Data under study:
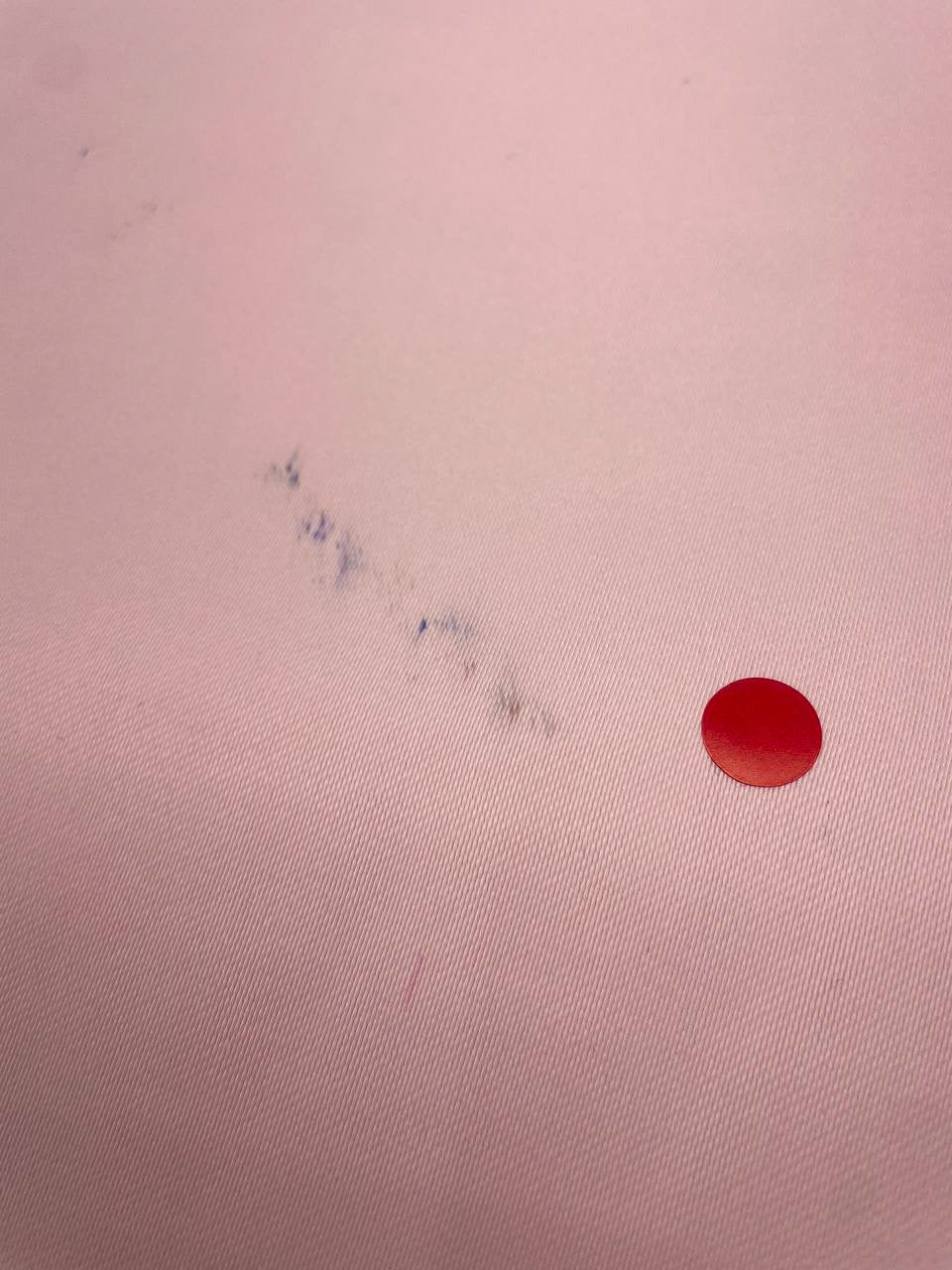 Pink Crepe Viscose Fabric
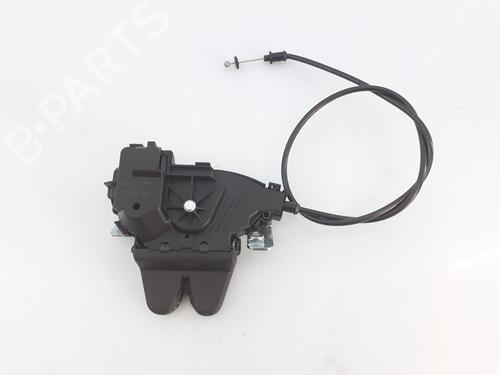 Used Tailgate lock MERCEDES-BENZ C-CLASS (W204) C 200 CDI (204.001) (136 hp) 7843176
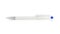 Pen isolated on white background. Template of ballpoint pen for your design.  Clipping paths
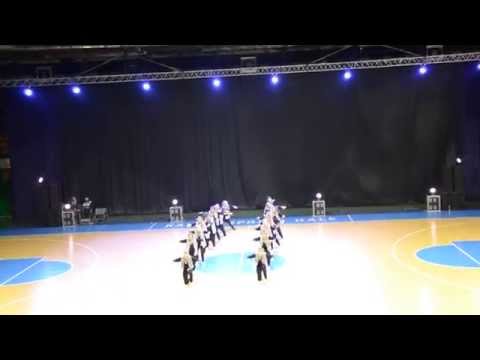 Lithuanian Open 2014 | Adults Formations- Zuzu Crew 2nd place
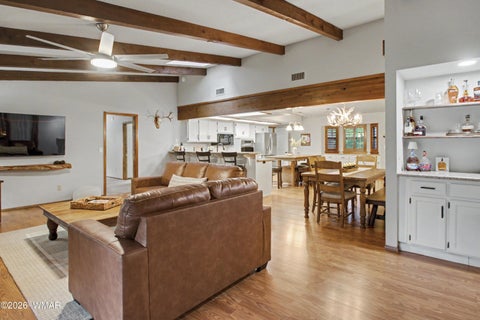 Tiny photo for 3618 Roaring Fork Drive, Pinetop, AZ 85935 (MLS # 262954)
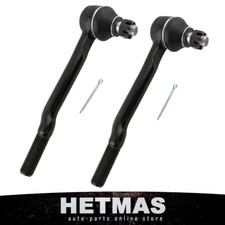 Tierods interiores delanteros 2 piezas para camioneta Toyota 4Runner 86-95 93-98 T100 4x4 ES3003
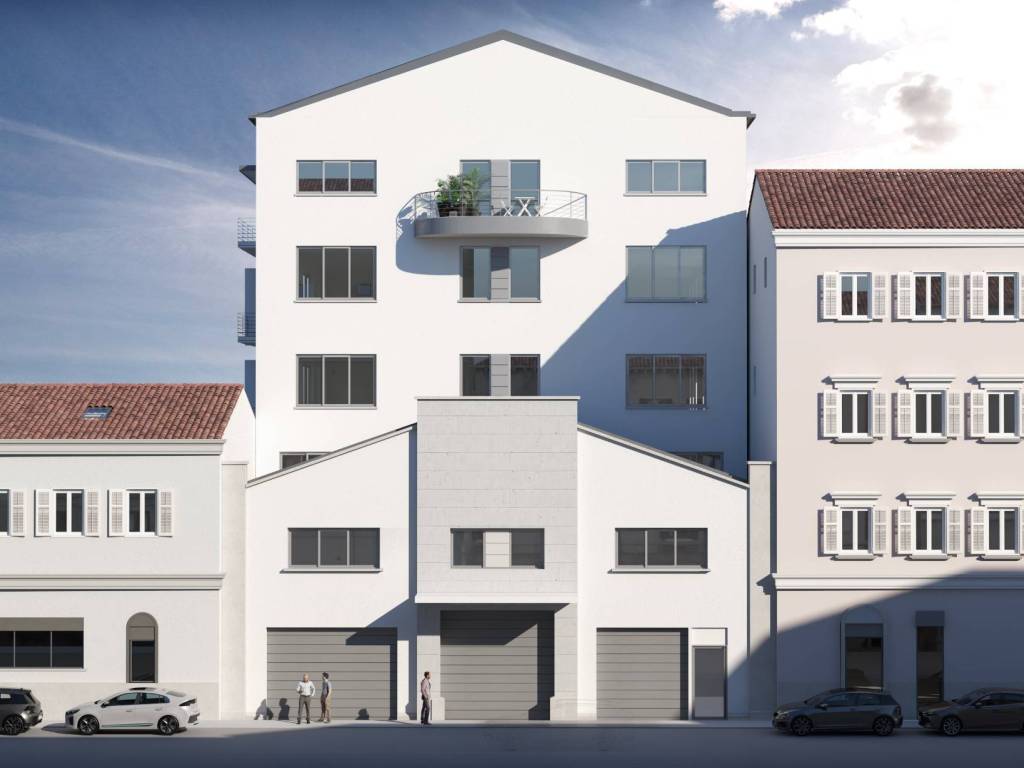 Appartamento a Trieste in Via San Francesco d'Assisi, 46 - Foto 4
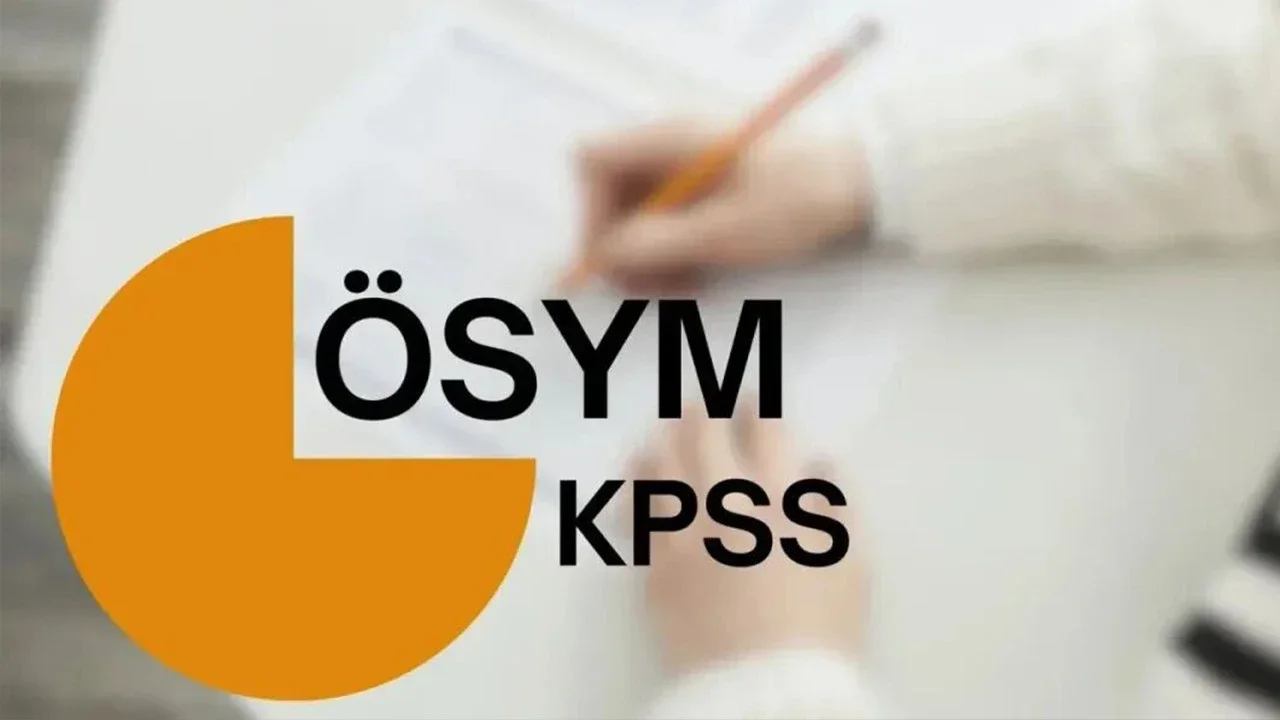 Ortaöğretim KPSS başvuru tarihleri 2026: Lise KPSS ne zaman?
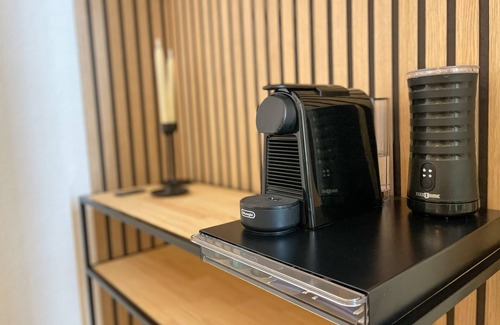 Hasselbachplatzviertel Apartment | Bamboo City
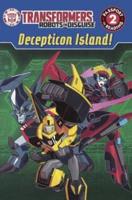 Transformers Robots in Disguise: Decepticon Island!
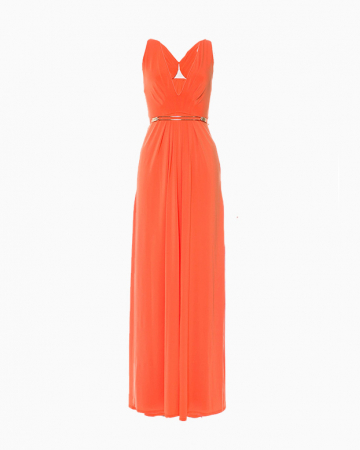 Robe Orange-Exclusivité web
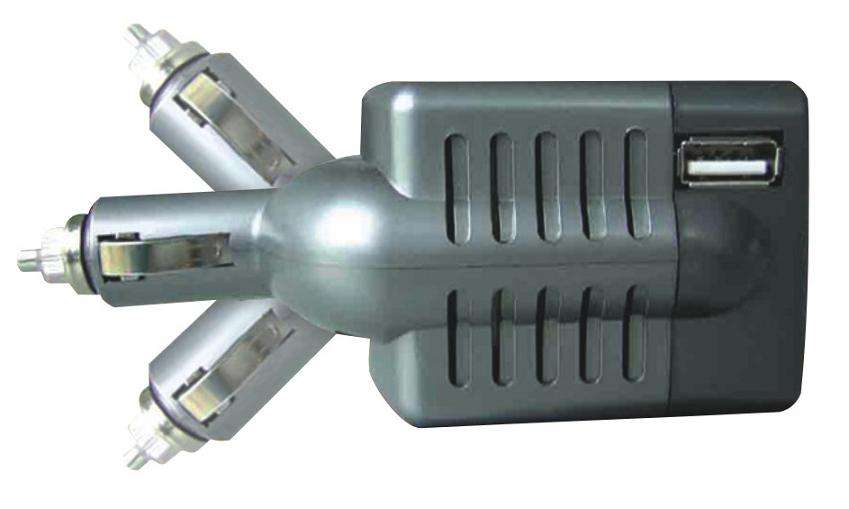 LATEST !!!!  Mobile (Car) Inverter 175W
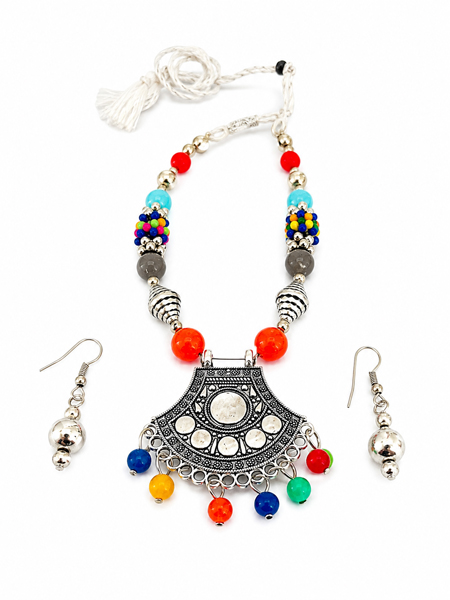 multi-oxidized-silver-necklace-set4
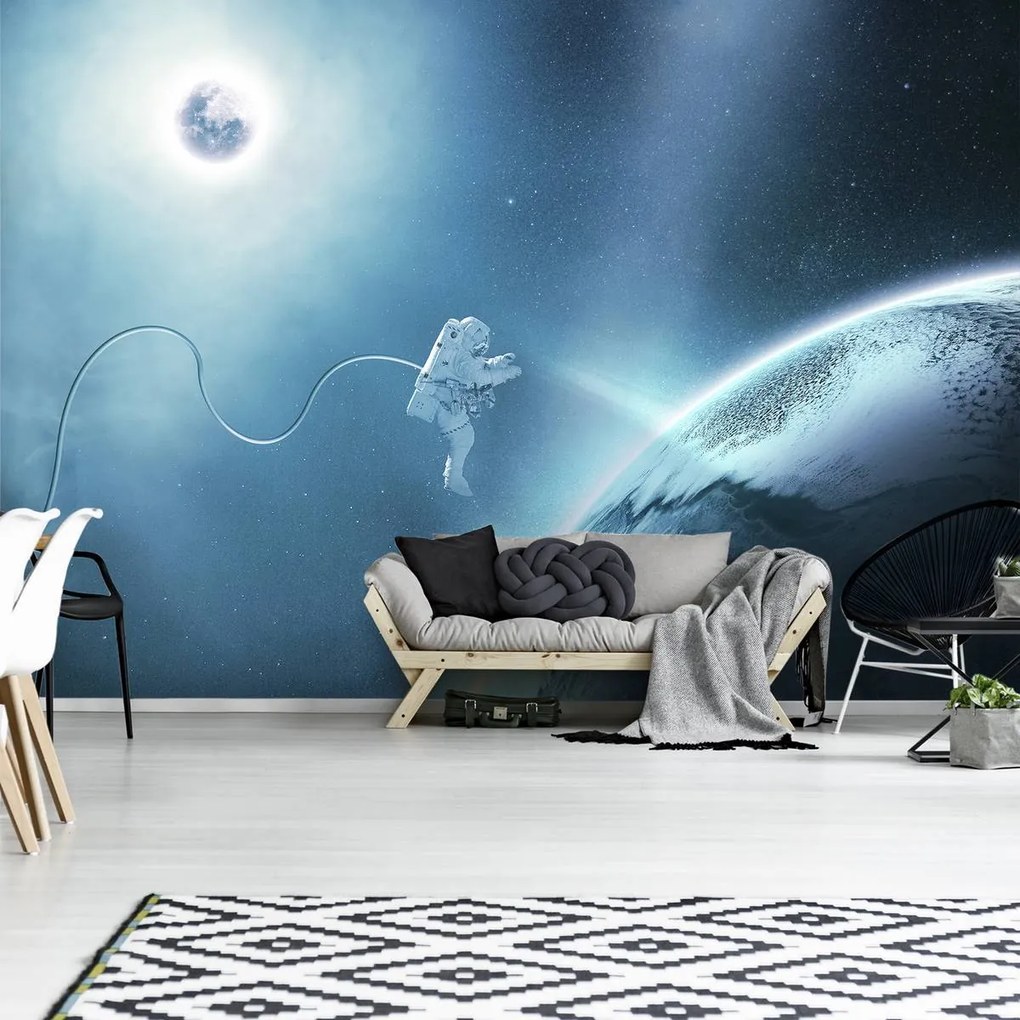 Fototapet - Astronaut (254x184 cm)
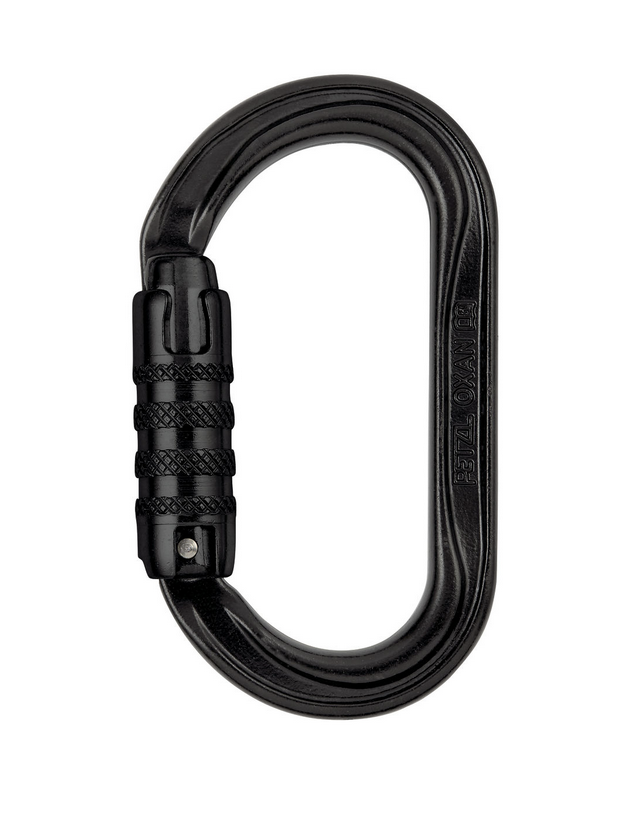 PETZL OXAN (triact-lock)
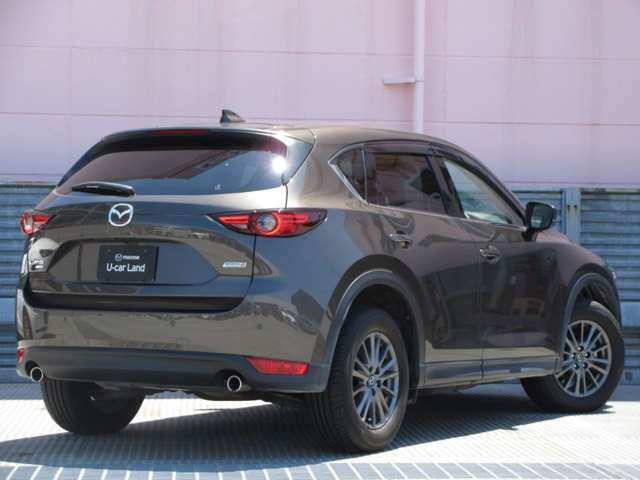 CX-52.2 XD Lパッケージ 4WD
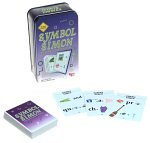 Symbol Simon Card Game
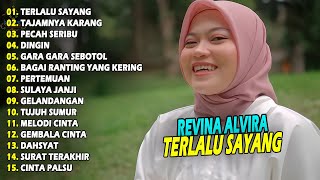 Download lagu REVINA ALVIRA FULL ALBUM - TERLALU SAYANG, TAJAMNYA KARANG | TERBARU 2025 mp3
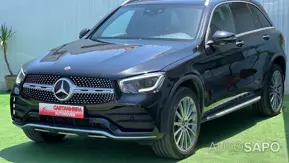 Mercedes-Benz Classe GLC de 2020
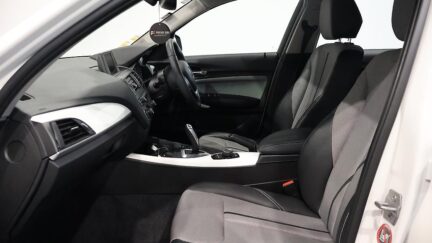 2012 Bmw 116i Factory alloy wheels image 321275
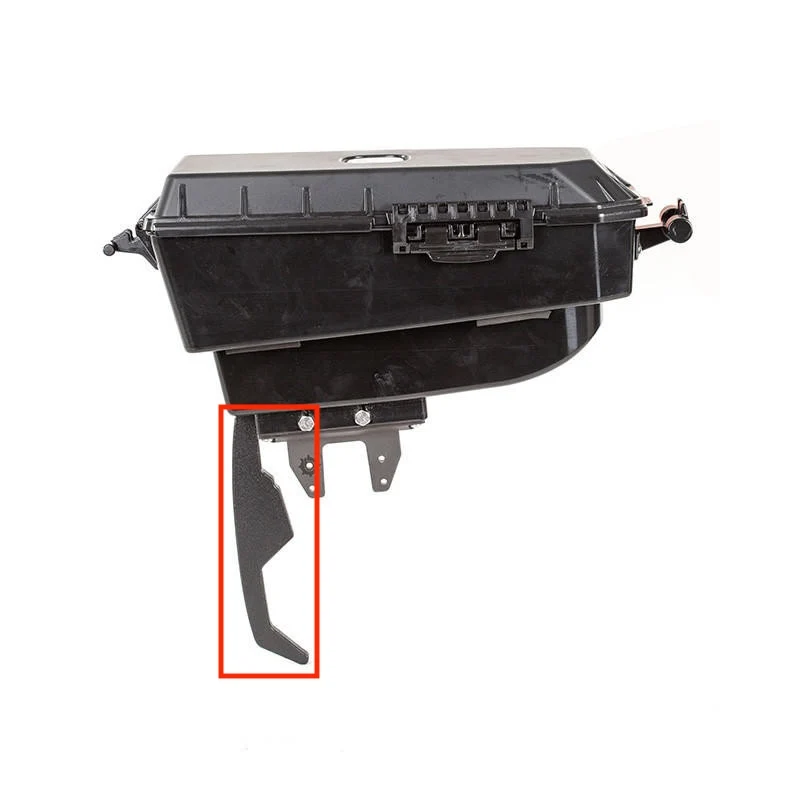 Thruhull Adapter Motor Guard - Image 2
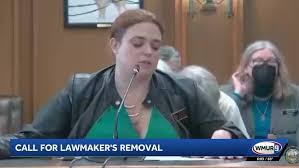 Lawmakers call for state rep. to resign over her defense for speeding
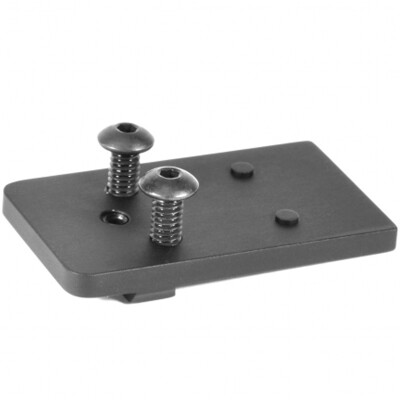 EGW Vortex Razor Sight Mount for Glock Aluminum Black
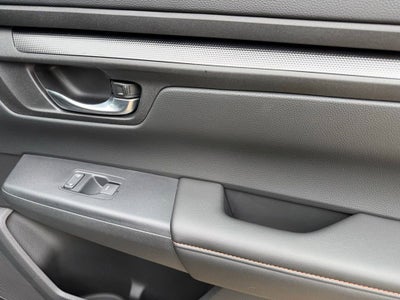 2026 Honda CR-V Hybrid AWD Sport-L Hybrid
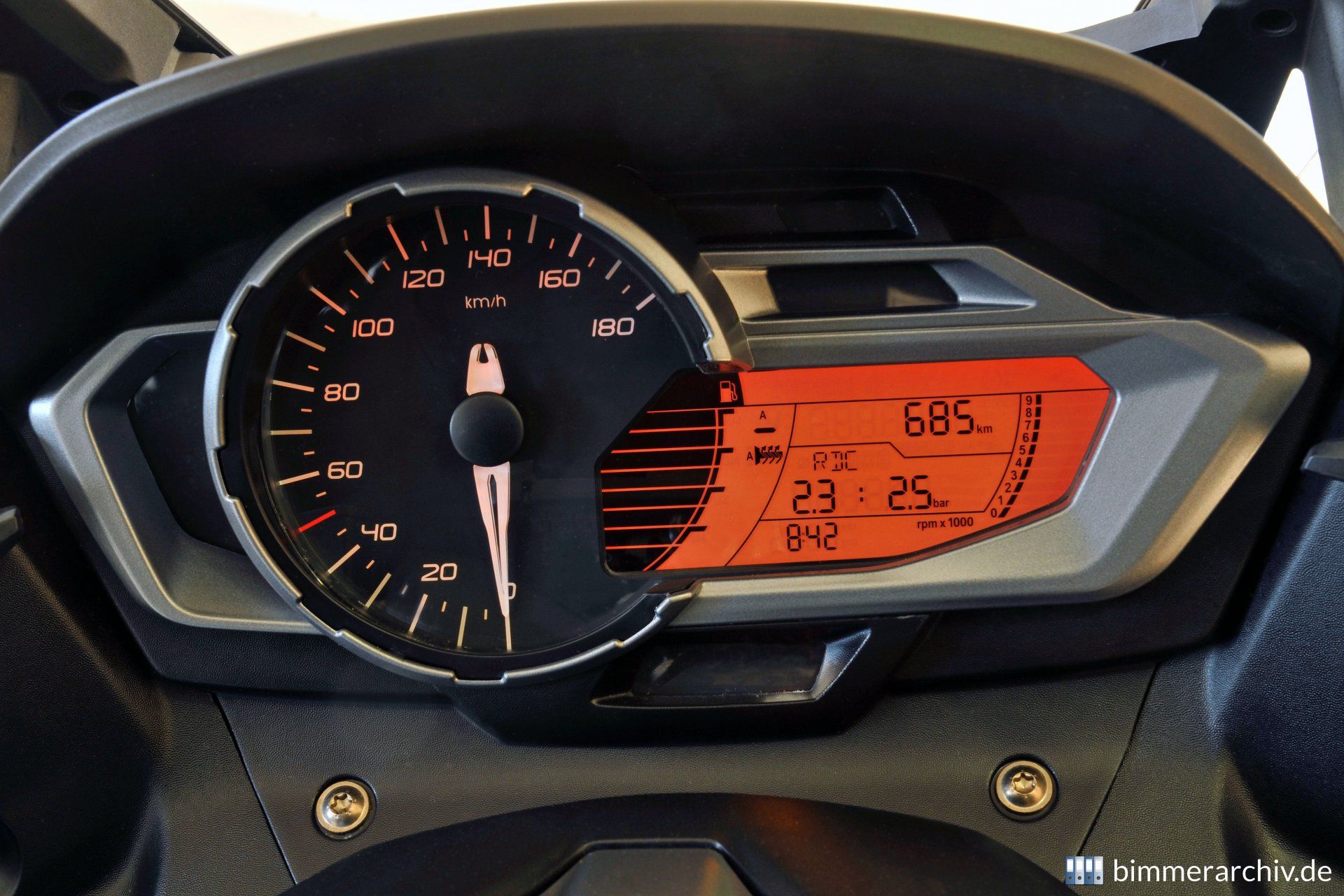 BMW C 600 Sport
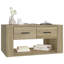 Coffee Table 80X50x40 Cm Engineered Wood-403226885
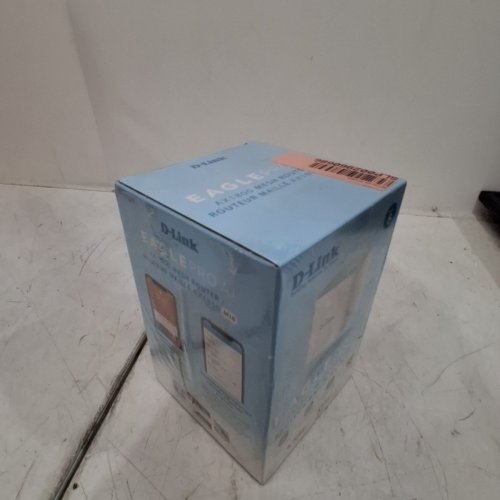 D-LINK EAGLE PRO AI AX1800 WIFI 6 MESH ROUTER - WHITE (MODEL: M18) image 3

Work request: In the entries above, find the line with "Pen isolated on" and the line with "Transformers Robots in". Write out exactly those two lines and every line between them, pictures excluded.

Your solution:
 Pen isolated on white background. Template of ballpoint pen for your design.  Clipping paths
 Lithuanian Open 2014 | Adults Formations- Zuzu Crew 2nd place
 Tiny photo for 3618 Roaring Fork Drive, Pinetop, AZ 85935 (MLS # 262954)
 Tierods interiores delanteros 2 piezas para camioneta Toyota 4Runner 86-95 93-98 T100 4x4 ES3003
 Appartamento a Trieste in Via San Francesco d'Assisi, 46 - Foto 4
 Ortaöğretim KPSS başvuru tarihleri 2026: Lise KPSS ne zaman?
 Hasselbachplatzviertel Apartment | Bamboo City
 Transformers Robots in Disguise: Decepticon Island!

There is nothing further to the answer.